Как не болела — но, все-таки она умерла! Старая история России закончилась прямо на моих глазах!

Теперь она не будет прежней! А вот какой она окажется — зависит в огромной степени именно от меня!

Вот и Николай Второй — как не тянул даже не с роспуском четвертой Думы, а именно с законом про иностранных агентов влияния, а все-таки выпустил его через час после своего указа о роспуске депутатской банды.

Без такого шага он свои законы и указы должен с Думой согласовывать, а это теперь просто невозможно.

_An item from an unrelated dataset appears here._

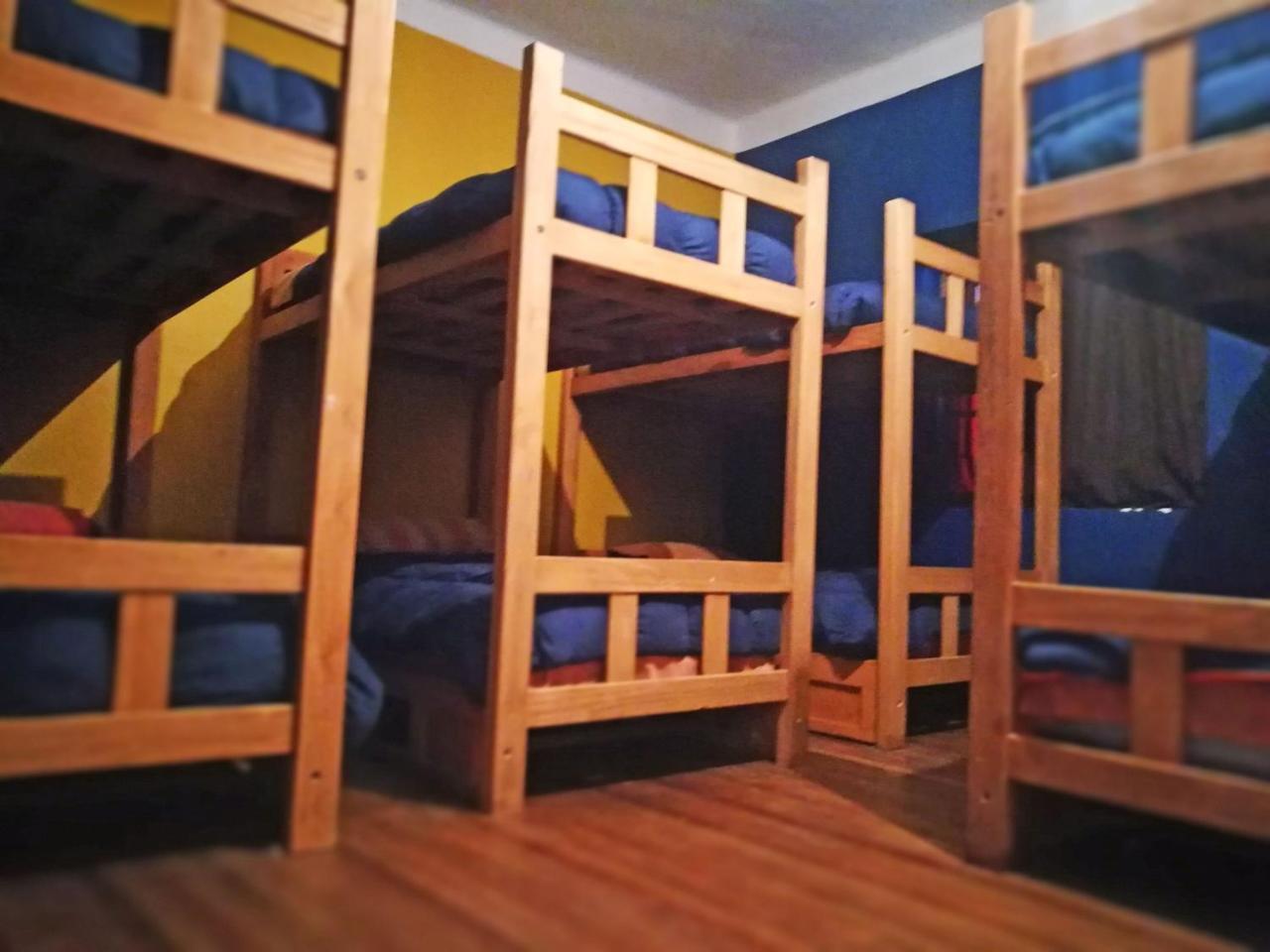Wooden Wasi Hostel 拉巴斯 外观 照片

Да и времени совсем нет кого-то там уговаривать, объяснять и вразумлять. Тем более, смысла тоже нет никакого, большинство в Думе занимает позицию крупного капитала, а ему нет никакого смысла от большой войны уклоняться и рушить давно налаженные связи с английскими и французскими предпринимателями.

Наоборот, все предвкушают войну, гигантские прибыли, новые купленные дворцы на французском побережье и через своих депутатов стараются приблизить ее как можно вернее.

Надежды и чаяния у всех абсолютно разные и никак трепетную лань в одну упряжку с раком не поставить.

Никак интересы крупного капитала не привести в соответствие с государственными, нечего и стараться.

Поэтому только насилие в форме государственного самодержавного строя к призывающим славно повоевать за братьев-сербов и врезать всем врагам не жалеючи.